= Dataset =
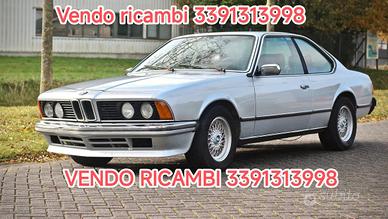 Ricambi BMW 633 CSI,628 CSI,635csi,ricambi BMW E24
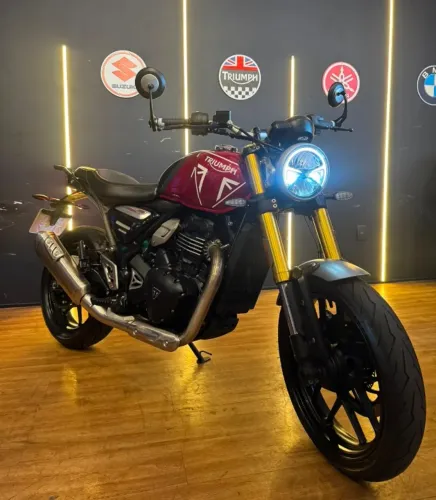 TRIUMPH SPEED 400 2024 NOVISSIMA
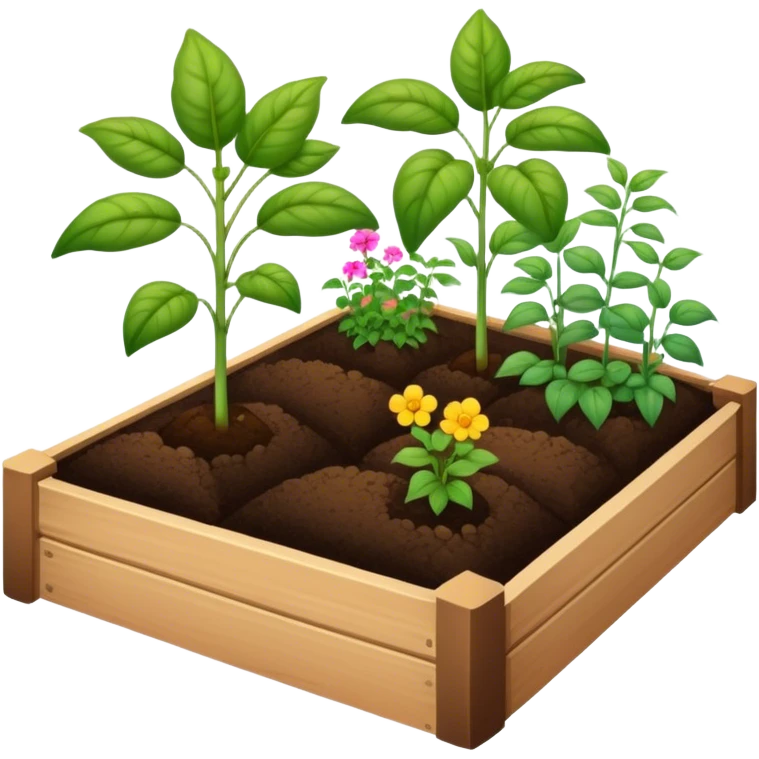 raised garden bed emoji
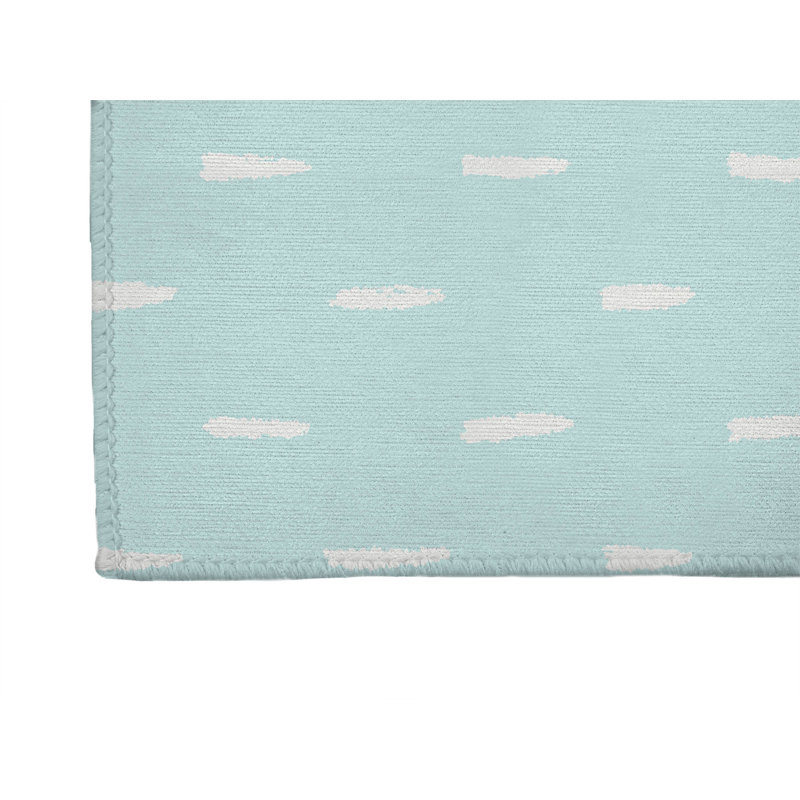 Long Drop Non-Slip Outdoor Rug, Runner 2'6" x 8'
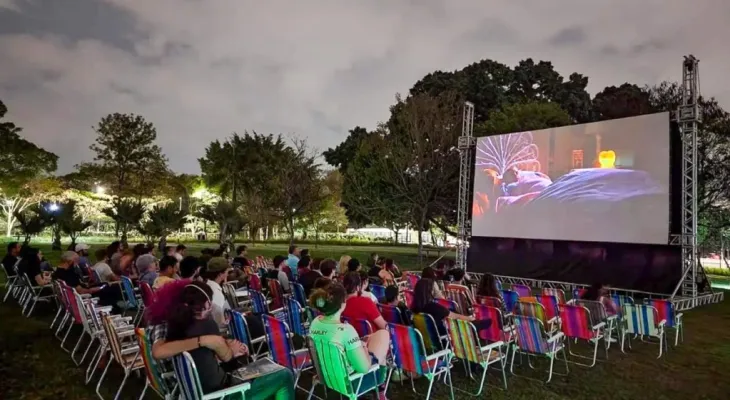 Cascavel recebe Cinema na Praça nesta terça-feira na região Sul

--

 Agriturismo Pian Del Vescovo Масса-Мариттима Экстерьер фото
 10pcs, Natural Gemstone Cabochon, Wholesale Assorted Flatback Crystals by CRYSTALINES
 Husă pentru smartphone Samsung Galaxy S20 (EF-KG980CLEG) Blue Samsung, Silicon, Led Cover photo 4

--

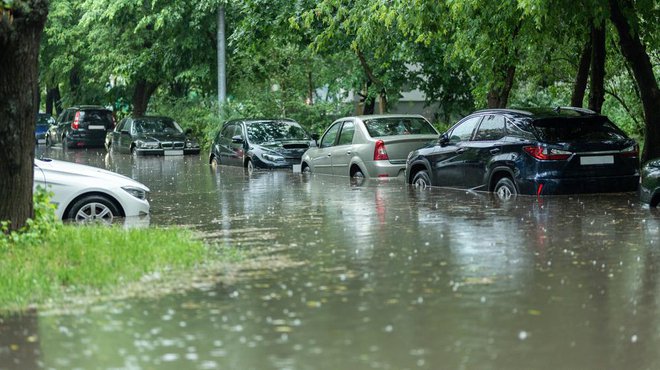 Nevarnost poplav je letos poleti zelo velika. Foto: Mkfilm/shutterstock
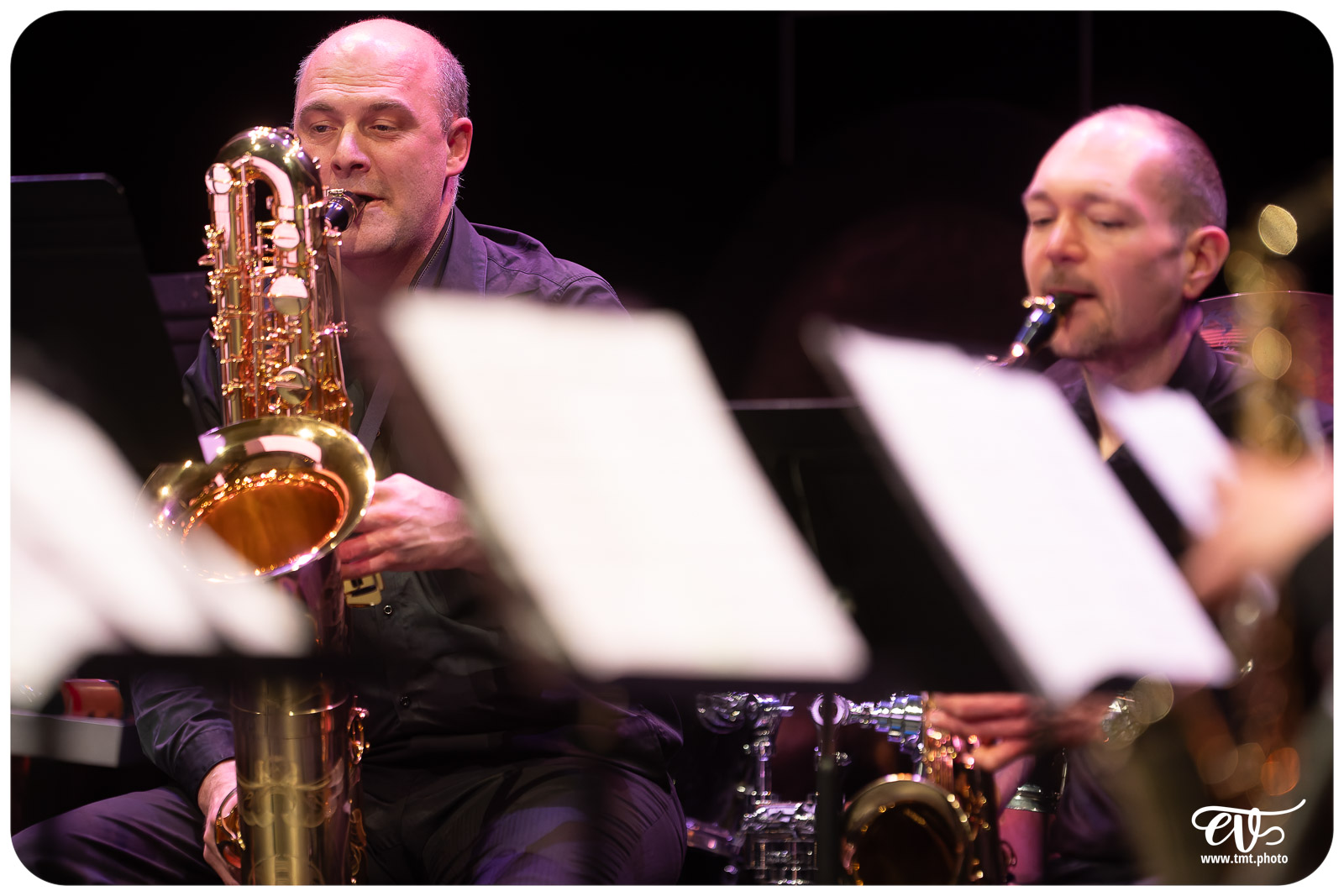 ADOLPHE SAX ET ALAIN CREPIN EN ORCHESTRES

= How to complete this task =
Write out word for word the lines above that run from the one with "TRIUMPH SPEED 400 2024 NOVISSIMA" to the one with "Cascavel recebe Cinema". Include both end lines; exclude the images.

= Result =
 TRIUMPH SPEED 400 2024 NOVISSIMA
 raised garden bed emoji
 Long Drop Non-Slip Outdoor Rug, Runner 2'6" x 8'
 Cascavel recebe Cinema na Praça nesta terça-feira na região Sul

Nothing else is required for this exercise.